DATASET SECTION

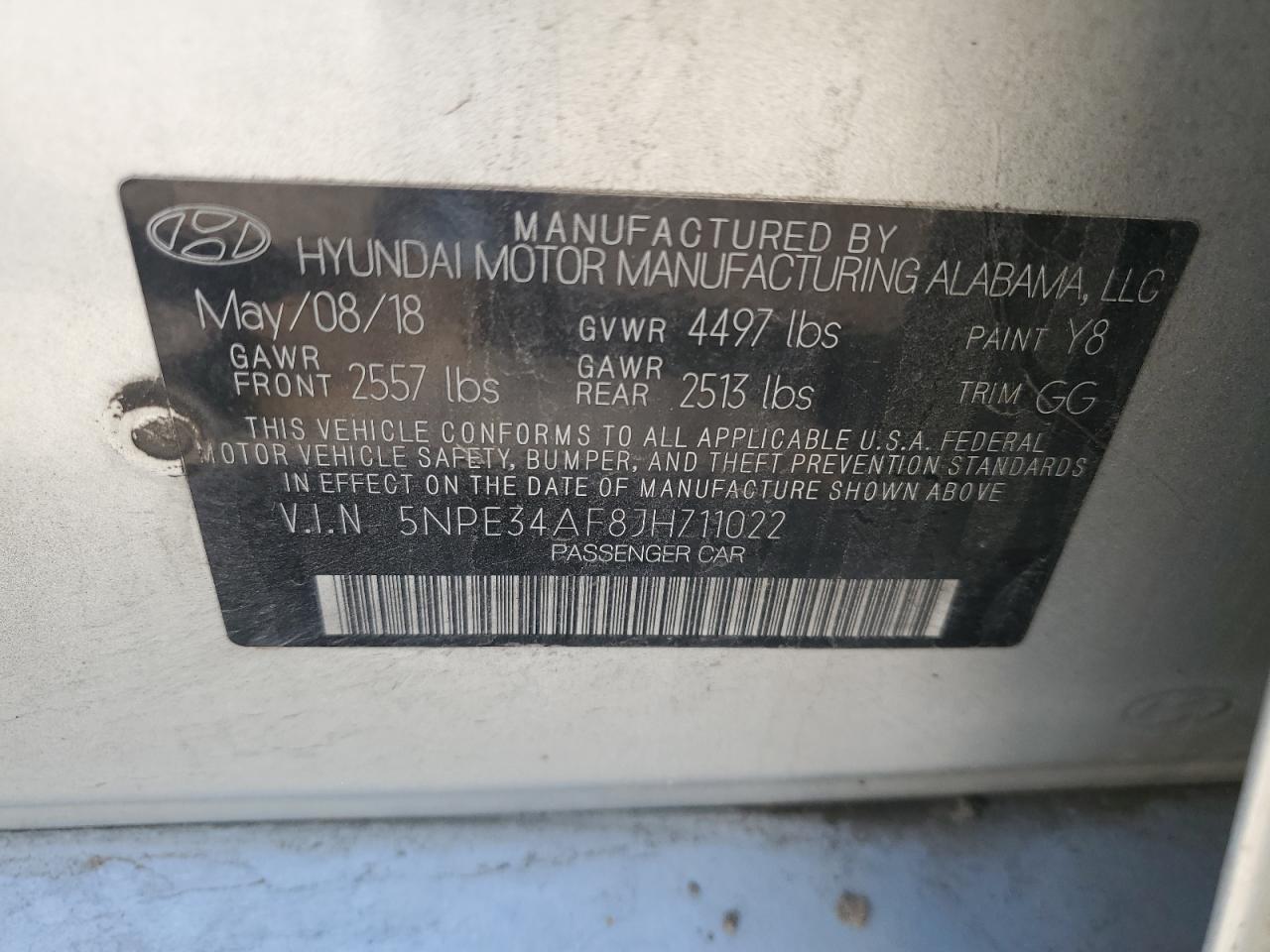 5NPE34AF8JH711022 2018 Hyundai Sonata Sport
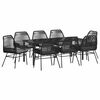 vidaXL Conjunto de Jantar para Jardim 9 unid. Preto vime PE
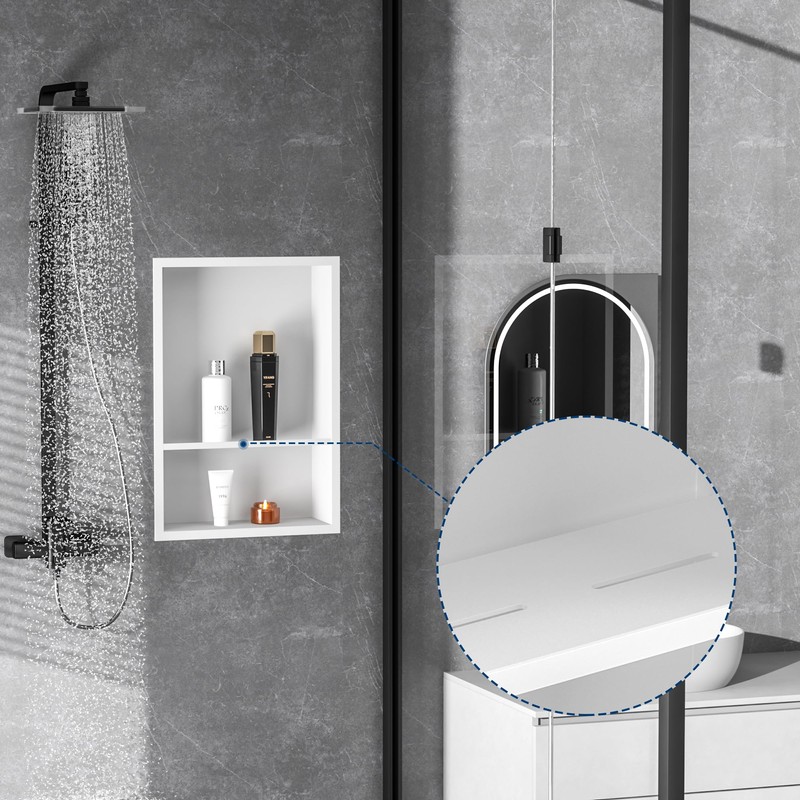 Qeke Stainless Steel Shower Niche 18" X 12", No Tile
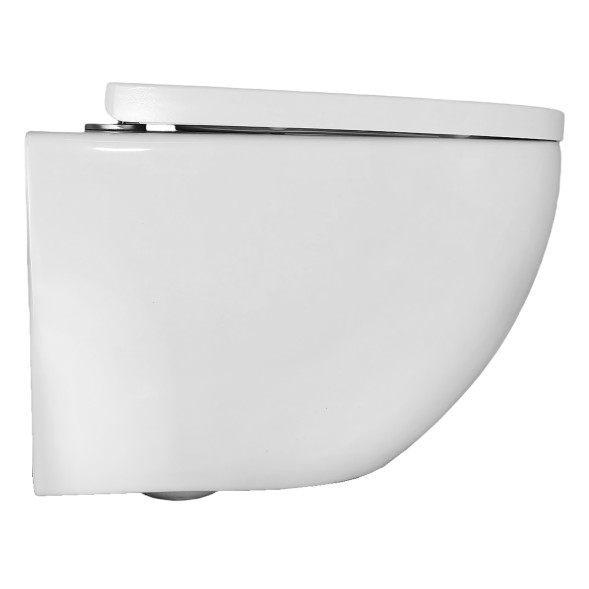 Унитаз подвесной Azario ORMI 490х360х365 безободковый, система смыва Торнадо, с быстросъемным сиденьем микролифт (AZ-0253VD)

WHAT TO DO
Without including any pictures, copy every line above exactly.

RESULT OF THE EXERCISE
 5NPE34AF8JH711022 2018 Hyundai Sonata Sport
 vidaXL Conjunto de Jantar para Jardim 9 unid. Preto vime PE
 Qeke Stainless Steel Shower Niche 18" X 12", No Tile
 Унитаз подвесной Azario ORMI 490х360х365 безободковый, система смыва Торнадо, с быстросъемным сиденьем микролифт (AZ-0253VD)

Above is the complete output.